Die Rindviecher sehen glücklich aus. Ganzjährig weiden sie auf den Wiesen. Jetzt im Frühling stehen sie knietief im blühenden Wiesenkerbel, zwischen Hahnenfuß und Wilder Möhre. Ein hübscher Anblick. Eine überlastete einseitige Kulturlandschaft, die schöner nicht aussehen könnte. Wildromantisch.
Die eingeschleppten oder bewusst mitgebrachten Pflanzen aus Europa und Amerika sollen bereits dreißig Prozent der nur in Neuseeland vorkommenden Pflanzen verdrängt haben. Ein nicht umkehrbarer Prozess. Sorgenfalten kann einem der Bambus auf die Stirn einbrennen.
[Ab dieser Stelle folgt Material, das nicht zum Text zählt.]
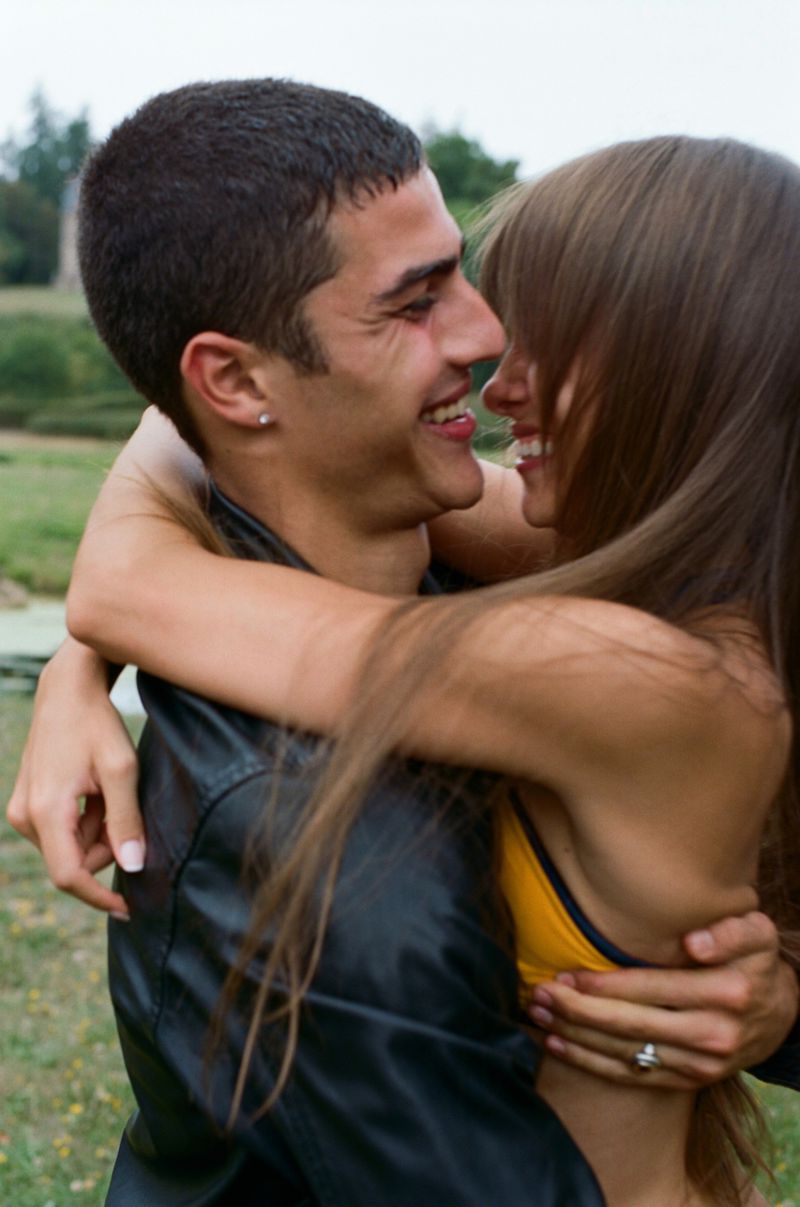 A happy couple is embracing outdoors. The man, with short dark hair, smiles while hugging the woman, who has long brown hair.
Dieser wird als Windbrecher und Heckenersatz gepflanzt. Ein Wuchermonster vom übelsten, der seine Rhizome in alle Richtungen ausstreckt.
So arg wie die ökologische Katastrophe für Neuseelands endemische Pflanzen auch ist, so ist die Mischung aus bekannten und nie gesehenen Pflanzen ein Augenschmaus.
Abseits der Touristen-Orte bekommen die Ansiedlungen ein anderes Gesicht. Das große Geld fehlt augenscheinlich. Eine Hauptstraße mit Tankstelle, ein Mini-Market und eine Kirche. Das war’s. Man muss schnell bremsen, sonst ist man auch schon direkt am Dorfende angekommen. Jobs gibt es nur in der Landwirtschaft. Die Quote der Maoris zu Weißen ist hier am höchsten. Die Arbeitslosenquote auch. Zwischen 30 und 50 Prozent der Einwohner zählen zu den indigenen Ureinwohnern – bei einem landesweiten Anteil von 15 Prozent.
Unser Weg führt weit durch die Agrar-Mitte, bevor wir abends fehlerfrei und noch immer linksseitig in Opua ankommen.